¿Quién es el español que ha pasado veinticuatro horas sin
ocuparse una vez siquiera de la inmoralidad que nos devora? "Yo no soy
político -dice uno-, pero sería partidario de cualquier gobierno que nos diera
moralidad". "España está irremisiblemente perdida -observa otro- si
no se moraliza su administración". "A este gobierno (sea cual sea)
-dice un tercero- le matará la inmoralidad". Quiere éste empezar un pleito
y el temor a la inmoralidad le detiene. Piensa aquél proponer al gobierno un
negocio que enriquecería, dice, a una comarca entera, y por la inmoralidad se
retrae.
Al oír tales y tan continuadas lamentaciones, no parece
sino que todos los españoles sintamos hambre de moralidad, y que el gobierno y
la administración sean los únicos que con su inmoralidad nos perturban.
Esos banqueros que, estrujando los últimos restos de la
pública riqueza, doblan y triplican en un mes los capitales que no poseen,
tratando con los gobiernos, son verdaderos Jeremías cuando se conversa sobre
moralidad.
¿Existe verdaderamente tanta inmoralidad como se dice?

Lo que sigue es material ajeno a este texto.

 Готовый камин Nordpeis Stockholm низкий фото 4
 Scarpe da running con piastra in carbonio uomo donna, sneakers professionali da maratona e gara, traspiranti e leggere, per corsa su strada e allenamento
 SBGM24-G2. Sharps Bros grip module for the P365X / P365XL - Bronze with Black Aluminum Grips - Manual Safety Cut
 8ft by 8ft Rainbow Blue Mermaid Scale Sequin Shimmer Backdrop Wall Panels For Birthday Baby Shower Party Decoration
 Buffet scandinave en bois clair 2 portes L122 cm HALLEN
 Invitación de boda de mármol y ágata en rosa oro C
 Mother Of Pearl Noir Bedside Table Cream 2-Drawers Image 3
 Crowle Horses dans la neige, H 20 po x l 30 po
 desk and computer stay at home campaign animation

¿Es ésta patrimonio exclusivo de la administración y del gobierno? Y la
contestación que nos hemos dado siempre ha sido verdaderamente desconsoladora.
No sólo existe la que se dice, sino mucha más.
Hay inmoralidad en los gobiernos y en la administración,
pero sólo la que hay por todas partes en España; la misma que en el comercio,
que en la bolsa, que en las administraciones de intereses particulares.
Obsérvese que el origen de la mayoría de las grandes fortunas, si no es turbio,
por lo menos no es claro.
España, que es uno de los países de Europa en que hay
menos movimiento comercial e industrial y en que menos se inventa, es sin duda
el país en que se ven más fortunas improvisadas o reunidas en pocos años.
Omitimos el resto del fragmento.